▶ _YOUR OBJECTIVE_
Quote exactly and only this range of lines in the data below: the line that holds "A 40th birthday" to the line that holds "Natural Light Blue", both included.

▶ _MATERIAL FOR THE TASK_
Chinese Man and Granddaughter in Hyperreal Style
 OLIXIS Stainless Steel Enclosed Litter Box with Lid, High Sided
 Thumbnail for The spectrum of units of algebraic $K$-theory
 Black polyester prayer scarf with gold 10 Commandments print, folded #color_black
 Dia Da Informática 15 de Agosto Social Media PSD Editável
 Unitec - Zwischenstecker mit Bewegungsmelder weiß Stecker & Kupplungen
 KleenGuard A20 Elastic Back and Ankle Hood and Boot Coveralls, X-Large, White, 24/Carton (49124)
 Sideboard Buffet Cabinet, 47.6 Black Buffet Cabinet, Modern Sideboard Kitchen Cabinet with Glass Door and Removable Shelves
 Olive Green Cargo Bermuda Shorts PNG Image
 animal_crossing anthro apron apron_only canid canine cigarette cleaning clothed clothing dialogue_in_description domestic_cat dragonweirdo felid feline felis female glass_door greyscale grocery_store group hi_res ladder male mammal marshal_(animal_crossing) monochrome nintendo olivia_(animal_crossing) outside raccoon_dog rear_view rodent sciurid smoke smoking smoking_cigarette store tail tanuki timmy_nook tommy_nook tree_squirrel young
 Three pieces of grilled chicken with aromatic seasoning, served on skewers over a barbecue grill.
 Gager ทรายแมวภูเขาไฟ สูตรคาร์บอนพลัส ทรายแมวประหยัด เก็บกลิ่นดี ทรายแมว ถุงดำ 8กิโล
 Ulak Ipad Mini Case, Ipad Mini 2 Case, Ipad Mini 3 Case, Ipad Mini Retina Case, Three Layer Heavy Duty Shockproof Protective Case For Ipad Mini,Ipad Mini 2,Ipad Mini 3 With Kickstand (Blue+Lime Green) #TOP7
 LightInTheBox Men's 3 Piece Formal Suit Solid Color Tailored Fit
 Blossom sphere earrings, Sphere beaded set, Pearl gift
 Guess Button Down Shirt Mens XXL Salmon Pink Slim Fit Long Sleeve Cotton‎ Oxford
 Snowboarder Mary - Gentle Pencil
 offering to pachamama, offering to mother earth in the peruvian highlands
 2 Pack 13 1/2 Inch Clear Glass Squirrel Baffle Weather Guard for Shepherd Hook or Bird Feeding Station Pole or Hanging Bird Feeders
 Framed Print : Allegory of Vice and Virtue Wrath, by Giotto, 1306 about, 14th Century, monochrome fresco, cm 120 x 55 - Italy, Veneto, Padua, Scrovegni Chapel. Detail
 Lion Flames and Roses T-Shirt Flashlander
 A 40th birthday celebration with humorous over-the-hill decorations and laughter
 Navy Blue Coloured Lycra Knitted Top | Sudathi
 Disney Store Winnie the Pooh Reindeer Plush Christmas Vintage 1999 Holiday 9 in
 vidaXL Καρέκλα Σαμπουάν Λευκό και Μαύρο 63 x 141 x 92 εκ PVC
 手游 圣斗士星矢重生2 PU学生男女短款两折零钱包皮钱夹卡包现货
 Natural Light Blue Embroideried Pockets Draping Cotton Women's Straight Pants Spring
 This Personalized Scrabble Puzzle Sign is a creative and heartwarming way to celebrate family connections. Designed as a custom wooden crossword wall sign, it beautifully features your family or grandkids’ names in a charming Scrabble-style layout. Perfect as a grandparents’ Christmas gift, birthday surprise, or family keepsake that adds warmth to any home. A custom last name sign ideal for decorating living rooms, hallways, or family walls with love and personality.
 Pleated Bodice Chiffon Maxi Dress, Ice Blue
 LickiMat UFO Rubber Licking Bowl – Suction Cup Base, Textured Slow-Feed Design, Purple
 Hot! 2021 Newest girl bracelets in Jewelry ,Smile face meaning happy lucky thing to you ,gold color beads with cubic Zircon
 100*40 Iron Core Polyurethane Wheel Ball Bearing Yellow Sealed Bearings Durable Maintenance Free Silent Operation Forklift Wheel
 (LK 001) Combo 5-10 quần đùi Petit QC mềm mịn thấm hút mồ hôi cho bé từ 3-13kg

▶ _SOLUTION TO THE EXERCISE_
 A 40th birthday celebration with humorous over-the-hill decorations and laughter
 Navy Blue Coloured Lycra Knitted Top | Sudathi
 Disney Store Winnie the Pooh Reindeer Plush Christmas Vintage 1999 Holiday 9 in
 vidaXL Καρέκλα Σαμπουάν Λευκό και Μαύρο 63 x 141 x 92 εκ PVC
 手游 圣斗士星矢重生2 PU学生男女短款两折零钱包皮钱夹卡包现货
 Natural Light Blue Embroideried Pockets Draping Cotton Women's Straight Pants Spring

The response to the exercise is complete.